The Gemora (Bovo Kama 52a) asks: "What is a mashkuchis? It is a goat that goes at the head of the flock." Rashi explains: "The owner of the flock has a wise goat that walks at the front and the entire flock goes after it."

A young boy studying in yeshiva ketanoh strikes a match so he can smoke the second cigarette of his life. A concerned friend goes over and asks him: "What's wrong with you? Why are you smoking another cigarette? Don't you remember that yesterday you hardly managed to finish smoking half a cigarette? Later you even admitted that not only you did not enjoy it but you suffered unpleasant side effects, and almost choked."

The boy's honest and immediate answer is: "But I want to be `like everybody else.' "

All old-hand smokers confess that they eventually regret the madness that overtook them when young. The desire to be like everybody blinded them, and they were even prepared to suffer until they could finally be "real smokers." Now it is difficult for them to wean themselves from this addiction.

One bright morning, a Bais Yaakov Seminary student mincingly paraded into her class wearing glasses with a bizarre frame made in China. The lenses were tiny and elliptical, the size of a medium olive. The girl was noticeably proud of them . . . and herself. She was not at all startled by her friends' laughter when they saw this spectacle. She condescendingly looked down at them and announced with inflated self- confidence: "You are simply not up-to-date! This is the latest fashion. My optician, who quoted experts in the field, told me that these frames are the nicest in the world!"

Within a week, another fifteen girls paraded into the seminary with the same type of frames. Dozens of other girls nagged their parents, demanding the latest craze in glasses. One astonished father asked: "Only four months ago you yourself chose the glasses you are wearing, and they are perfectly good. What is the reason for this big and needless expense?"

His question was not left hanging; he received an unequivocal response: "My glasses are ugly. I want to be like everybody!"

Not long afterward, "everybody" — men, women, and children — were wearing this new sort of glasses. You could hardly find any person walking in the street, any self- respecting human being, wearing large glasses. "[The goat] that walks at the front and the entire flock goes after it," as Rashi writes, is what made the latest "glasses revolution," until, of course, the next "glasses revolution" . . . and naturally the same with hats, shoes, and all the rest.

"To be like everybody" is a like sickness caused by jealousy and an abundant dosage of feelings of inferiority, well blended with laziness.
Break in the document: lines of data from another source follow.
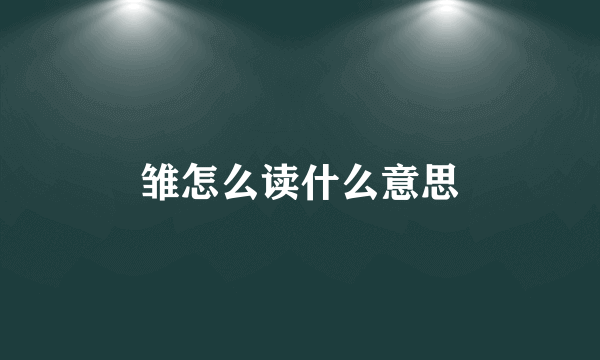 雏怎么读什么意思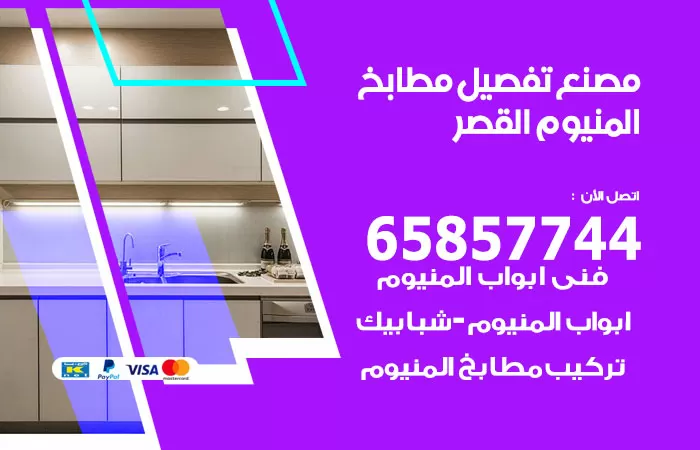 رقم تفصيل مطابخ المنيوم القصر / 65857744 / مصنع جميع أعمال الالمنيوم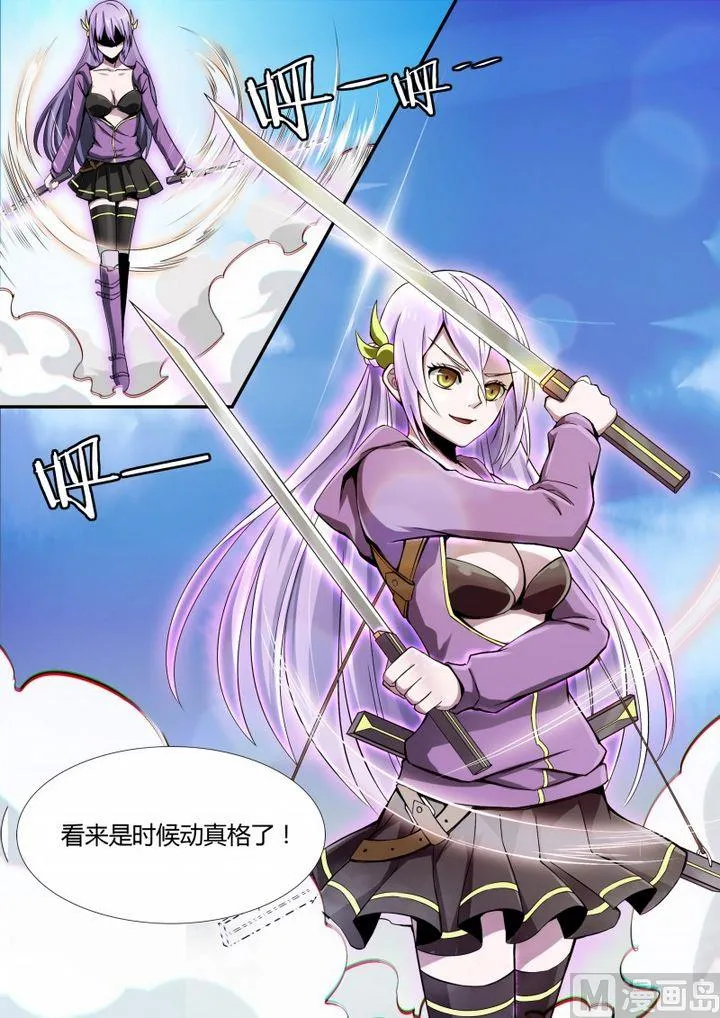 第71话 第18页
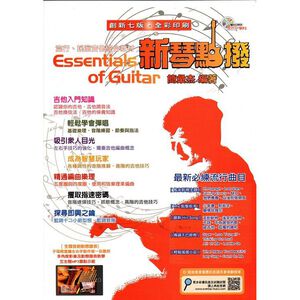 instrument
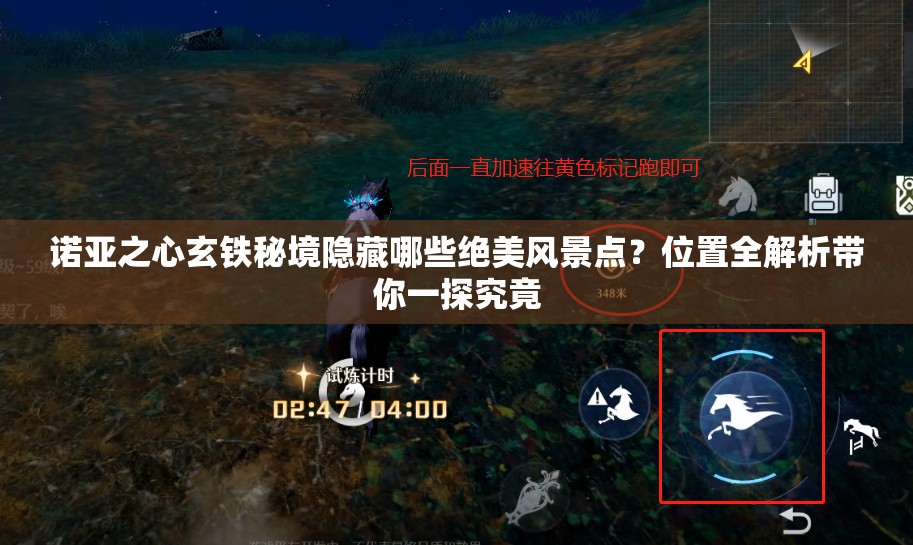 诺亚之心玄铁秘境隐藏哪些绝美风景点？位置全解析带你一探究竟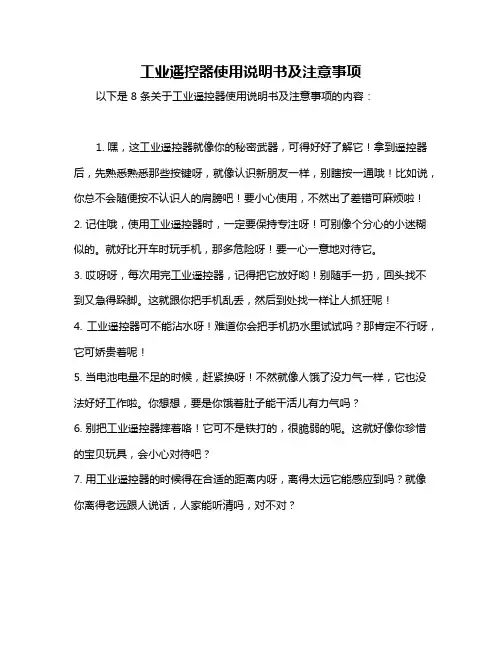 工业遥控器使用说明书及注意事项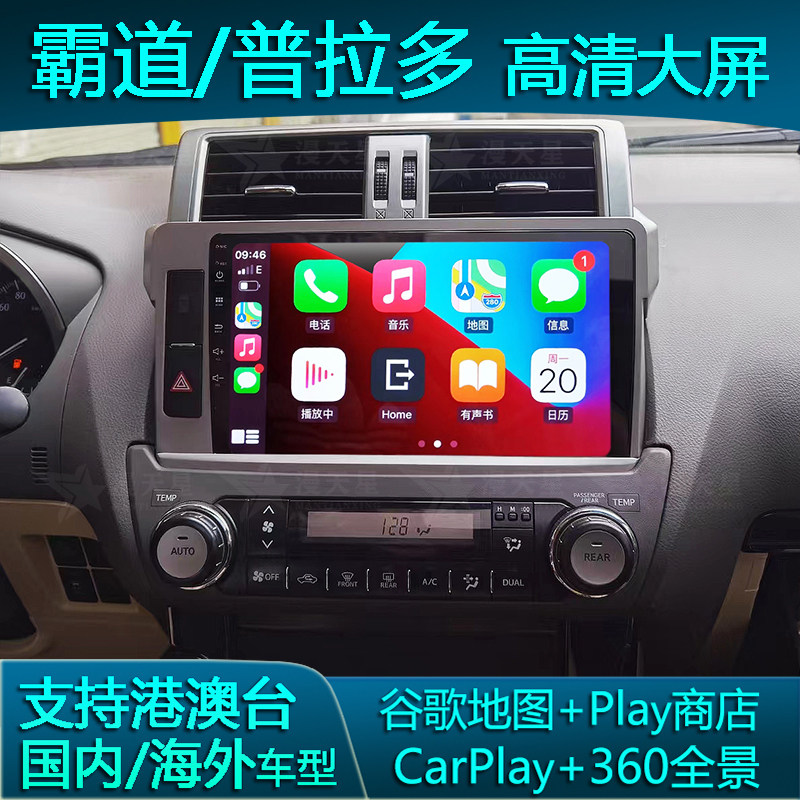 适用丰田霸道普拉多中控大屏导航CarPlay倒车高清360全景一体车机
The fact that a person nods his head, that he cancels his own opinion because of what others think, mostly has nothing to do with the middoh of humility. Such behavior generally stems from being too lazy to think for oneself and possessing a definite feeling of inferiority. A person lacks the needed courage to weigh each decision with his own intellect and to do what he himself understands to be proper. Because he is lazy, he relies on his friends to do his thinking for him. Those who do not think for themselves sometimes enlist in their aid Chazal's statement: "A person's opinion should always be intermingled with [that of] others", but they are mistaken — see the Rambam in Hilchos Dei'os.

The Gemora (Kesuvos 8b) teaches us: "Initially, burying a corpse disturbed the relatives more than the man's death (since it became socially necessary to bury him with expensive clothing, such as garments made of silk — Rashi). The family would abandon him and run away, until Rabban Gamliel degraded himself and instructed that he be buried in (inexpensive) linen clothing. The nation later acted like [Rabban Gamliel] and buried their relatives in linen clothing."

What time period does the Gemora refer to when it writes that "initially" Jews acted in such a revolting way and deserted their dead relatives and ran away? The word "initially" appears several times in the Mishnah and Gemora and each time refers to a different era.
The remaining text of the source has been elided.